In the listing below, print exactly the lines between the line holding "El goleador de" and the line holding "Feromix Classic C-C236S-KOMP", inclusive, and no more.

**EXTRACTED INFORMATION:**

· · · · ·

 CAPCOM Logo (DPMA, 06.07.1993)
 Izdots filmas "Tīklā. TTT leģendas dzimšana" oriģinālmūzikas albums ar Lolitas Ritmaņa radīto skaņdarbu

· · · · ·

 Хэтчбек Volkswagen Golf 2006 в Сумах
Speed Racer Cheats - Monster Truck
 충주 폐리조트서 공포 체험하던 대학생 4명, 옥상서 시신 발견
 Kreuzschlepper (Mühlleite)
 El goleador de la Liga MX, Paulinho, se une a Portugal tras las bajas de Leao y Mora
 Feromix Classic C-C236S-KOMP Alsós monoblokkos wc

· · · · ·

**RESULT FOR THIS EXERCISE:**
 El goleador de la Liga MX, Paulinho, se une a Portugal tras las bajas de Leao y Mora
 Feromix Classic C-C236S-KOMP Alsós monoblokkos wc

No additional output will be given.